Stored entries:
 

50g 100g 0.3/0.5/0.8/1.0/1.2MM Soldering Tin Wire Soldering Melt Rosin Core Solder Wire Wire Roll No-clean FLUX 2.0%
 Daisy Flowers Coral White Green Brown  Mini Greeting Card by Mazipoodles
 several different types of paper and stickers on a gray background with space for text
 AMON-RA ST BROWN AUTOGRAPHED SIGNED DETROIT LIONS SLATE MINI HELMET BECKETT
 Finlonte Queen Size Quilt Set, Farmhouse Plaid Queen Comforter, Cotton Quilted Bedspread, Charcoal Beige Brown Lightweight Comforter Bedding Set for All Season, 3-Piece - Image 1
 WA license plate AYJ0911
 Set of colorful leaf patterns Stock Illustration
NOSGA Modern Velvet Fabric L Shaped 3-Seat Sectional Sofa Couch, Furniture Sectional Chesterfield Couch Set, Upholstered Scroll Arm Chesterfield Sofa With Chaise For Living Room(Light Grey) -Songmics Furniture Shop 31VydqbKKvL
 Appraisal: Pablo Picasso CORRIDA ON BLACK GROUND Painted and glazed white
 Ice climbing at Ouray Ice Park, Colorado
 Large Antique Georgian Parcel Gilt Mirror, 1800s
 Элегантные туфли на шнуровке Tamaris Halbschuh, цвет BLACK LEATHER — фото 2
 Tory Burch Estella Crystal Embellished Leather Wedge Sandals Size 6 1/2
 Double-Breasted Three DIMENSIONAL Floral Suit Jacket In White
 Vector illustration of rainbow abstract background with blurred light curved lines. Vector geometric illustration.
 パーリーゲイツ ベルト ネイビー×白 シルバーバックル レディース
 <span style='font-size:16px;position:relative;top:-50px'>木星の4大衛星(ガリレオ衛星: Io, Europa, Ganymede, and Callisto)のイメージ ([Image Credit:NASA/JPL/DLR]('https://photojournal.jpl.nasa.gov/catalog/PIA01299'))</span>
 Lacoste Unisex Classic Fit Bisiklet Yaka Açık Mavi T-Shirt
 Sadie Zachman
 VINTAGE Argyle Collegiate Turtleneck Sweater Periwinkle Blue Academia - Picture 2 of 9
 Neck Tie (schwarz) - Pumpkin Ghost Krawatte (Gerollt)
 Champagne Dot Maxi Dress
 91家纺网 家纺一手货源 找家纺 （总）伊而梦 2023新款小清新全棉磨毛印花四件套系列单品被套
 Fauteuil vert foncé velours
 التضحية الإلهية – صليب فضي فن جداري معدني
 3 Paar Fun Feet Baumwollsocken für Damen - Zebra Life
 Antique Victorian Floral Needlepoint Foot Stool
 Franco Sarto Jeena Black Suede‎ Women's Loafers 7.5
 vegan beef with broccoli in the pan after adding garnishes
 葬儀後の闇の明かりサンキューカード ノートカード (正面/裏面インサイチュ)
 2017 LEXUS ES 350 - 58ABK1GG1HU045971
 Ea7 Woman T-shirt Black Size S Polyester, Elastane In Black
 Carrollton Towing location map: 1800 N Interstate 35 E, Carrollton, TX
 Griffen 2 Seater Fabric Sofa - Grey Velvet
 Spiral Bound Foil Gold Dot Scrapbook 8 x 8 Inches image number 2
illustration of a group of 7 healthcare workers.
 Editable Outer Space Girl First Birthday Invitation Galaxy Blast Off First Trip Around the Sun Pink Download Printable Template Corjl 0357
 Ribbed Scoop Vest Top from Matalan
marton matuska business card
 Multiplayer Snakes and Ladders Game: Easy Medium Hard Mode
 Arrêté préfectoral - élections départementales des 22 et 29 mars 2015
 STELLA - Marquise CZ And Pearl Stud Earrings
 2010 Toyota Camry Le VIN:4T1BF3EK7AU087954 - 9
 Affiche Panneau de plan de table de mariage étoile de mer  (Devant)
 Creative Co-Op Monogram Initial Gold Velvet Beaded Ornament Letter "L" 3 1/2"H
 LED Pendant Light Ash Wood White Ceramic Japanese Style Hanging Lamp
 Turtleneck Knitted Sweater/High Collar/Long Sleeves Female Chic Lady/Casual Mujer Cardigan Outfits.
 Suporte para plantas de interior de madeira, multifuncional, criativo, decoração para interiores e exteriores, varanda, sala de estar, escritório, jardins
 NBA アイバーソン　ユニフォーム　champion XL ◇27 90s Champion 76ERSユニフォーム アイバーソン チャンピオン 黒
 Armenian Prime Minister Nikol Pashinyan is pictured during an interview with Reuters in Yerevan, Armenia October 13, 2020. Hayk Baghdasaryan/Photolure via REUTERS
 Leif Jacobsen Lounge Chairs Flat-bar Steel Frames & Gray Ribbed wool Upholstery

■ AIM OF THE TASK:
Please report every line of the records above that contains the word "Turtleneck".

■ YOUR RESPONSE:
 VINTAGE Argyle Collegiate Turtleneck Sweater Periwinkle Blue Academia - Picture 2 of 9
 Turtleneck Knitted Sweater/High Collar/Long Sleeves Female Chic Lady/Casual Mujer Cardigan Outfits.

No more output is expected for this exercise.